OBJECTIVES Skin adnexal carcinoma (SAC) is a rare cutaneous malignancy that arises from sebaceous and sweat glands. These carcinomas are believed to behave more aggressively than cutaneous squamous cell carcinomas (SCC) with a propensity for local recurrence. The role of adjuvant radiotherapy in SAC is undefined. METHODS We retrospectively reviewed all cases of head and neck SAC treated with surgery and adjuvant radiation from 2000-2012 at a single institution. RESULTS Nine cases were identified. Median age was 67 (range 52-88). The histologies were: adnexal carcinoma (n=1), adnexal carcinoma with sebaceous differentiation (n=1), adnexal carcinoma with squamous differentiation (n=1), skin appendage carcinoma (n=1), sclerosing sweat duct carcinoma (n=1), mucinous carcinoma (n=1), ductal eccrine adenocarcinoma (n=1), porocarcinoma (n=1), and trichilemmal carcinoma (n=1). All tumors were reviewed by a dermatopathologist to confirm the SAC diagnosis. All patients had surgery.
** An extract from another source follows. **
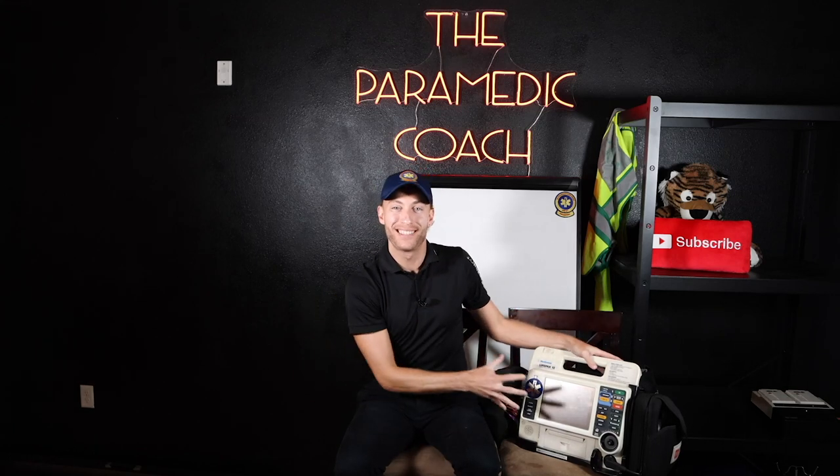Hey everyone, it's the Paramedic Coach. Fun video for you today. I'm going to show you exactly how to go through and understand how to use this LifePak monitor. LifePak is one of the most common cardiac monitors we find in EMS. Let's learn how to use it, learn what it's all about, what's in here.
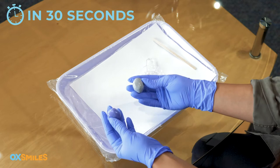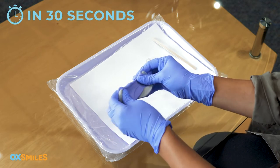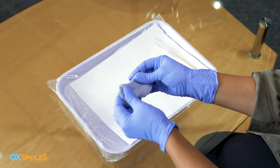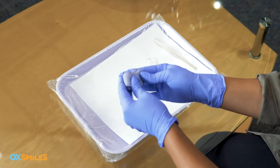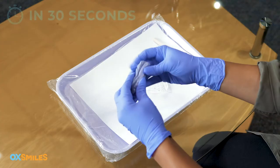Step four: within 30 seconds, mix the A and B putty — knead and fold the putty in your hands as quickly as possible. Don't roll it. This should take roughly 30 seconds to mix the putty into one solid color free of any streaks. This is important: the putty has to be all one solid color.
Indications for adjuvant radiation included involved lymph nodes (n=4), perineural invasion (n=2), nodal extracapsular extension (n=2), positive margin (n=1), high-grade histology (n=6), multi-focal disease (n=2), and/or recurrent disease (n=5). Radiation was delivered to the primary site alone (n=3), to the draining lymphatics alone (n=2), or to both (n=4). One patient received concurrent cisplatin. Median dose to the primary site was 60Gy and to the neck was 50Gy. Median follow-up was 4.0 years (0.6-11.4 years). Locoregional control was 100%. Five-year progression free survival was 89%. There was one acute grade 3 toxicity and no ≥grade 2 late toxicities were recorded. CONCLUSIONS Surgery and adjuvant radiation for high-risk SAC offers excellent locoregional control with acceptable toxicity.